%%
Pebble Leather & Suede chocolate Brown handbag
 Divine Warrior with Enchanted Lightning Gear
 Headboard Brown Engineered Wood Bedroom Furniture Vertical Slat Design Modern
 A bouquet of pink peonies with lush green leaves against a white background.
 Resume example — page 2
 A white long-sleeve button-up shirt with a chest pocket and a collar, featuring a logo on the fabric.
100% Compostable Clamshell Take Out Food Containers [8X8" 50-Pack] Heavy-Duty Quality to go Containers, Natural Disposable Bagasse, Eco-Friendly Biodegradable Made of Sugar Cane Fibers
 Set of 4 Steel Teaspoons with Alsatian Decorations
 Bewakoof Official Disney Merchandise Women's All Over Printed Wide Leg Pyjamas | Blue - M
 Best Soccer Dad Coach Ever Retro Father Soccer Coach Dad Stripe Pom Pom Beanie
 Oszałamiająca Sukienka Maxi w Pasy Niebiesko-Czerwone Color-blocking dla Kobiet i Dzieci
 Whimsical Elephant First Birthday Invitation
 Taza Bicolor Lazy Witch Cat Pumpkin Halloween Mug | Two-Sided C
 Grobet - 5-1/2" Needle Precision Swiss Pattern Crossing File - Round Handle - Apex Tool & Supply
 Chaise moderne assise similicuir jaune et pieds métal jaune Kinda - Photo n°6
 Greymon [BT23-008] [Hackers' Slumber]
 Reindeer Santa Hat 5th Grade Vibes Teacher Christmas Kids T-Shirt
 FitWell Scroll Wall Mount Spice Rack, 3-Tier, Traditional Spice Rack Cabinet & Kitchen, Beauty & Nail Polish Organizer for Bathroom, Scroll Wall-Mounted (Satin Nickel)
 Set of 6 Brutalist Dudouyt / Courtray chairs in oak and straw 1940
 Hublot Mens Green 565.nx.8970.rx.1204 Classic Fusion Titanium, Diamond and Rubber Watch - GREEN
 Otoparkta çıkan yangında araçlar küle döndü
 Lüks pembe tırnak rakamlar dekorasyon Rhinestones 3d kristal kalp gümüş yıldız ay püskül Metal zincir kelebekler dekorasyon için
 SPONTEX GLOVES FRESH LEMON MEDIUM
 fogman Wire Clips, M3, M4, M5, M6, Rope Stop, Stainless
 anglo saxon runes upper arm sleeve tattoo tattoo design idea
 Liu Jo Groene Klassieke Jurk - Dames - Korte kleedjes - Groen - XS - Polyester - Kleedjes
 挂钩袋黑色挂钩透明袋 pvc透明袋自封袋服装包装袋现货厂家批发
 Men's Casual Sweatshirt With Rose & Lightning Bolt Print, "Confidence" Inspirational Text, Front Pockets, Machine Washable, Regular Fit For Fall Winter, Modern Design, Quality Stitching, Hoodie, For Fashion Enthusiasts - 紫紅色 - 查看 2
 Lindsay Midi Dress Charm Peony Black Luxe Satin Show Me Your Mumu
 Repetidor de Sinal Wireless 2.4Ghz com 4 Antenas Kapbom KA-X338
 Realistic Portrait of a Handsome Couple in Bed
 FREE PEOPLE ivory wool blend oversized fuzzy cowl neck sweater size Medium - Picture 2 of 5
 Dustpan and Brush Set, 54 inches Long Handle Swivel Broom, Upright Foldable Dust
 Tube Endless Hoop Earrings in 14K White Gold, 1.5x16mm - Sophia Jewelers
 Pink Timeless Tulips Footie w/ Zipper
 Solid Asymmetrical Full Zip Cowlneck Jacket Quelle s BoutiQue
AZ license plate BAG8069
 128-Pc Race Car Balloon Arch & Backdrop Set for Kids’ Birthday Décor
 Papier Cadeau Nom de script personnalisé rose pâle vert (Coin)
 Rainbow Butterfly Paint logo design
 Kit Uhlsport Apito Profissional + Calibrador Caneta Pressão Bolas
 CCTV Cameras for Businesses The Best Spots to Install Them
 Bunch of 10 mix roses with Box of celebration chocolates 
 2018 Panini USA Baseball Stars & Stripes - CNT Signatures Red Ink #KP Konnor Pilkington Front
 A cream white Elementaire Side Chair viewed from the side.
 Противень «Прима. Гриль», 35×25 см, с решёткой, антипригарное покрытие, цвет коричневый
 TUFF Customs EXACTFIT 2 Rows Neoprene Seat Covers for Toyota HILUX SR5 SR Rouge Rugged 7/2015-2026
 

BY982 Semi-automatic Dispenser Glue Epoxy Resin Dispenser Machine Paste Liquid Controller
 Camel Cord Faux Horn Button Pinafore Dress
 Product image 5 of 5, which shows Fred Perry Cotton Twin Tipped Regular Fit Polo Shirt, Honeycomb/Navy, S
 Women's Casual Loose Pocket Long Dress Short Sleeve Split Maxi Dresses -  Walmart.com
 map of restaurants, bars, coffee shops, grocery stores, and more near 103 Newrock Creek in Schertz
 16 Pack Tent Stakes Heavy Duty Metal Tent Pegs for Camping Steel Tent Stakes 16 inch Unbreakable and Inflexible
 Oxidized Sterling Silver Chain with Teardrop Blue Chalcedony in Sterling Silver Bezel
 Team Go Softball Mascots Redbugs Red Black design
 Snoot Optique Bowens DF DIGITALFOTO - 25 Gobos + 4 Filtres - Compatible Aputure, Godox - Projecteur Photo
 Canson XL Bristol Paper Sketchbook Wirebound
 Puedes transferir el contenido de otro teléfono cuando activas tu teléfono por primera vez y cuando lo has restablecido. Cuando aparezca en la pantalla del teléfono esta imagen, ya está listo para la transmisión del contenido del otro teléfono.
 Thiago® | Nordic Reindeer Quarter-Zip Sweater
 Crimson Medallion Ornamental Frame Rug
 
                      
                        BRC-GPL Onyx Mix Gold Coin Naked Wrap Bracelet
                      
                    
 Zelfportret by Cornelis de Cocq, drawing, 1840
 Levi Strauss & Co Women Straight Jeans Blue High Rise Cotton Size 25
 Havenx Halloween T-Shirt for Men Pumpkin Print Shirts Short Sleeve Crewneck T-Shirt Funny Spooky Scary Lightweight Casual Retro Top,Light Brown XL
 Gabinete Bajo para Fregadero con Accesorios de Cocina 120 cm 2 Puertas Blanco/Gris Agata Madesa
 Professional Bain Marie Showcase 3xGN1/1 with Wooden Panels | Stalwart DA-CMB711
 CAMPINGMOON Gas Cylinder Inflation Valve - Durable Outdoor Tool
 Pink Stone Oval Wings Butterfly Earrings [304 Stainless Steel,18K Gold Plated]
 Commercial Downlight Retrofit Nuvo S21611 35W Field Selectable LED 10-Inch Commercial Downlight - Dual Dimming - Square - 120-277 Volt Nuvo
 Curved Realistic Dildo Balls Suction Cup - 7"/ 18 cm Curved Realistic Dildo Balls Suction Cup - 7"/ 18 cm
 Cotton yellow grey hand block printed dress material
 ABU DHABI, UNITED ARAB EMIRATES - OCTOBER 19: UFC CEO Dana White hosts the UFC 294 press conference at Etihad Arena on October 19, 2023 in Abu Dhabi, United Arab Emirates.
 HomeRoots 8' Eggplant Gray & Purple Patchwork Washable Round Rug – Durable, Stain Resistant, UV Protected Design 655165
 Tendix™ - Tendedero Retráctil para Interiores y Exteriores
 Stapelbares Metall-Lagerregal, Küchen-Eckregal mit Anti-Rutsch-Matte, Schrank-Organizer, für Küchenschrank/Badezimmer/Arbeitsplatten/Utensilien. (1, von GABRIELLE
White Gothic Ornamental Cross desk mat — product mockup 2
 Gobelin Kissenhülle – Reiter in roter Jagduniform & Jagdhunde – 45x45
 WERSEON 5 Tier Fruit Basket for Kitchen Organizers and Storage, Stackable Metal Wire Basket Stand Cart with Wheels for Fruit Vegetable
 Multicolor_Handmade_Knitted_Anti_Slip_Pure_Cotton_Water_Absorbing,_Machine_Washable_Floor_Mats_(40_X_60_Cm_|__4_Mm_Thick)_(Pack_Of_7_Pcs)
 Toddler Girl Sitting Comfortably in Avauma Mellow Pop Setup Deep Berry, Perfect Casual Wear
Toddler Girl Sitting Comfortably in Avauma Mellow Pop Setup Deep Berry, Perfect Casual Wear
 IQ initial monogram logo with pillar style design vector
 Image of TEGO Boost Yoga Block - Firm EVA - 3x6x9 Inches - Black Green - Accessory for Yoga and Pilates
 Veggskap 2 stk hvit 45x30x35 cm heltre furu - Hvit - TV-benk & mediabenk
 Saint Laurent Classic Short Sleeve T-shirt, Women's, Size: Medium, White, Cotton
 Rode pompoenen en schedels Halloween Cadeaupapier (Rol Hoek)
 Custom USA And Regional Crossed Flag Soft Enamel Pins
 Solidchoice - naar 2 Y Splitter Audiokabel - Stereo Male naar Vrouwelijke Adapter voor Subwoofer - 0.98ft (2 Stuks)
%%
### WHAT THIS TASK INVOLVES
Everything in the material above from the line that has "Camel Cord Faux Horn Button Pinafore Dress" through the line that has "Women's Casual Loose" must be duplicated exactly, with no other lines given.

### SOLUTION FOR THIS EXERCISE
 Camel Cord Faux Horn Button Pinafore Dress
 Product image 5 of 5, which shows Fred Perry Cotton Twin Tipped Regular Fit Polo Shirt, Honeycomb/Navy, S
 Women's Casual Loose Pocket Long Dress Short Sleeve Split Maxi Dresses -  Walmart.com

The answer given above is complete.